I'm unable to see any difference using that Docker container:
+ ./runfor.sh 30 /waste
+ P=7
+ exec /waste
+ sleep 30
+ kill 7
/compare.sh: line 5: 7 Terminated ./runfor.sh 30 /waste
real 0m30.047s
user 0m0.133s
sys 0m0.134s
+ ./runfor.sh 30 /waste not.
+ P=10
+ exec /waste not.
+ sleep 30
+ kill 10
/compare.sh: line 6: 10 Terminated ./runfor.sh 30 /waste not.
real 0m30.047s
user 0m0.141s
sys 0m0.147s
So I even went on and set up a CentOS 7 VM, also no excessive CPU usage there:
# time ./waste
^C
real 1m29.769s
user 0m0.280s
sys 0m0.313s
That's a fully updated CentOS 7 with:
- Kernel: 3.10.0-1160.76.1.el7.x86_64
- g++: g++ (GCC) 4.8.5 20150623 (Red Hat 4.8.5-44)
- Boost: 1.69.0-2.el7
Uhm...
$ docker run --rm -it poc-asio-inf-timer-wastes-cpu
+ ./runfor.sh 30 /waste
+ P=7
+ exec /waste
+ sleep 30
+ kill 7
/compare.sh: line 5: 7 Terminated ./runfor.sh 30 /waste
real 0m30.057s
user 0m0.281s
sys 0m0.246s
+ ./runfor.sh 30 /waste not.
+ P=10
+ exec /waste not.
+ sleep 30
+ kill 10
/compare.sh: line 6: 10 Terminated ./runfor.sh 30 /waste not.
real 0m30.043s
user 0m0.173s
sys 0m0.165s
$
~/Workspace/poc-asio-inf-timer-wastes-cpu (master ✔) docker run --rm -it poc-asio-inf-timer-wastes-cpu
+ ./runfor.sh 30 /waste
+ P=6
+ exec /waste
+ sleep 30
+ kill 6
/compare.sh: line 5: 6 Terminated ./runfor.sh 30 /waste
real 0m30.070s
user 0m0.245s
sys 0m0.220s
+ ./runfor.sh 30 /waste not.
+ P=9
+ exec /waste not.
+ sleep 30
+ kill 9
/compare.sh: line 6: 9 Terminated ./runfor.sh 30 /waste not.
real 0m30.069s
user 0m0.225s
sys 0m0.275s
Uhm...
user 0m0.281s sys 0m0.246s[...]
user 0m0.173s sys 0m0.165s
Is that the difference you'd expect to see here?
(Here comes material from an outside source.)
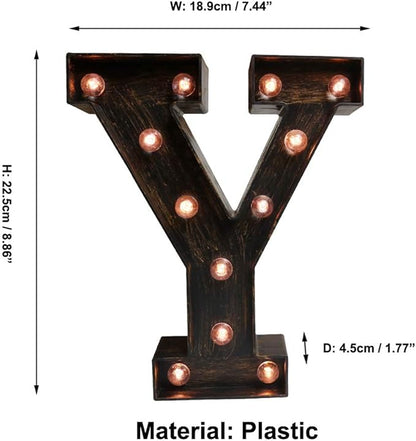 Pooqla Vintage Light Up Marquee Letters with Lights – Illuminated Industrial Style Lighted Alphabet Letter Signs - Coffee Bar Apartment Bedroom Wall Home Initials Decor A-Z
I'd have expected one to keep a core busy for most of the time or something like that.
I've never claimed that thing is completely broken. (Only half broken.)
Looks better now!
As I just learned, this was not an isolated test of this PR but rather in combination with #9513. I don't think it's surprising that there's a reduction in CPU usage if the number of generated/processed Redis queries is reduced significantly.
This doesn't provide evidence that this PR has an significant benefit and we're down to "maybe using this might use a few CPU instructions less on some version combination" speculation here.